• _TASK REQUIREMENTS_: Without including the pictures, copy out every line below.

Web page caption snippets
━━━━━━━━

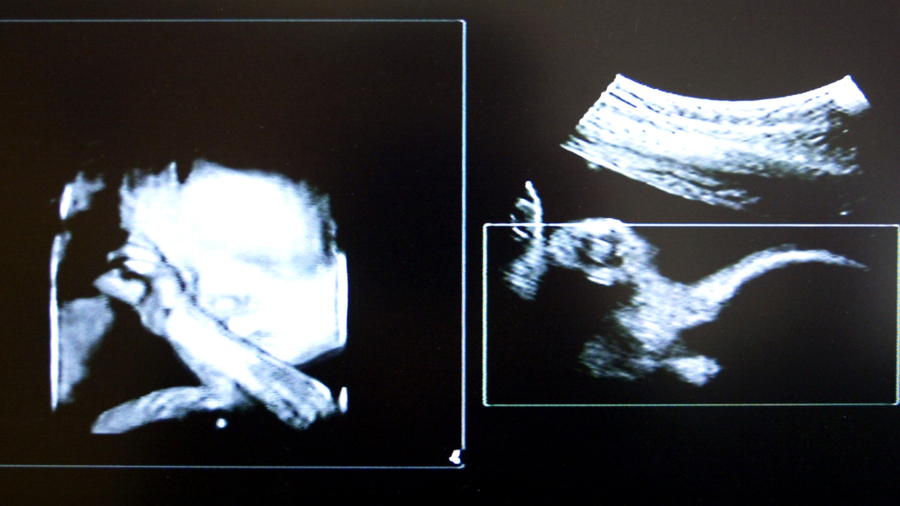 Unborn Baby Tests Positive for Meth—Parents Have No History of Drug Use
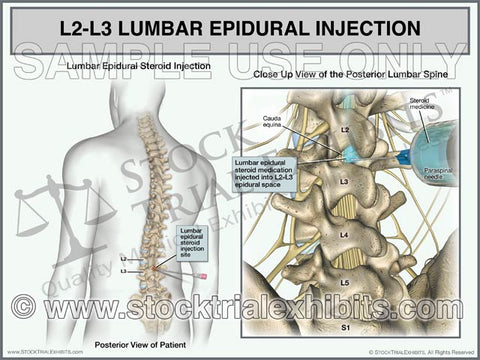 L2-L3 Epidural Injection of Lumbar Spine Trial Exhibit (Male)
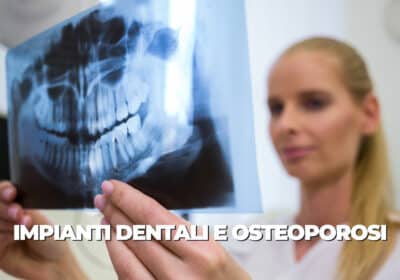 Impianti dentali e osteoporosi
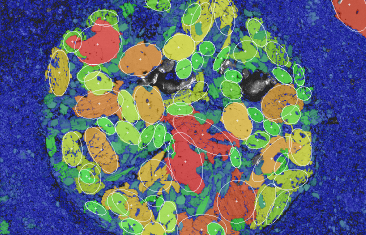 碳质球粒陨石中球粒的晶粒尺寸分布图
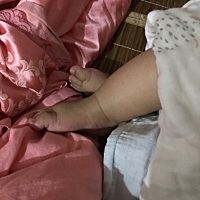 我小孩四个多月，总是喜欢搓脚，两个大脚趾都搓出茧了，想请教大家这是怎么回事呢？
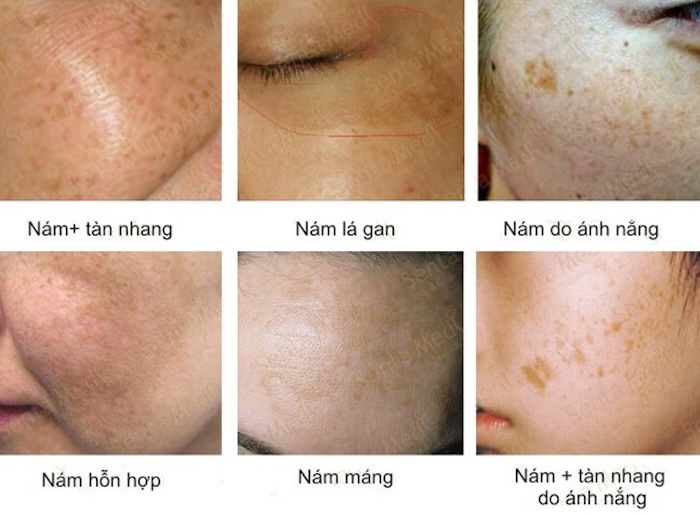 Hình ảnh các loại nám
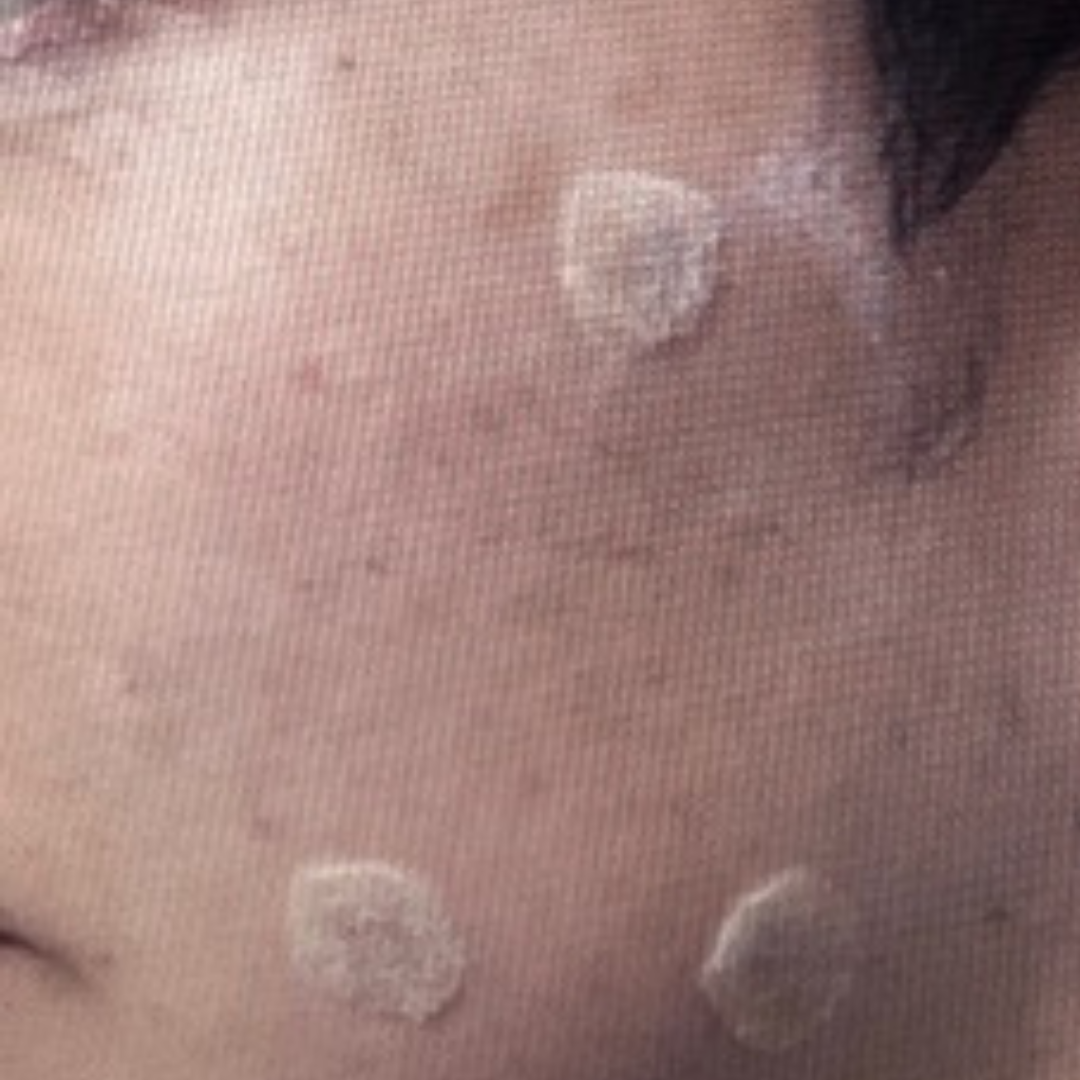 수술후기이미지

━━━━━━━━

• _ANSWER SPACE_:
 Unborn Baby Tests Positive for Meth—Parents Have No History of Drug Use
 L2-L3 Epidural Injection of Lumbar Spine Trial Exhibit (Male)
 Impianti dentali e osteoporosi
 碳质球粒陨石中球粒的晶粒尺寸分布图
 我小孩四个多月，总是喜欢搓脚，两个大脚趾都搓出茧了，想请教大家这是怎么回事呢？
 Hình ảnh các loại nám
 수술후기이미지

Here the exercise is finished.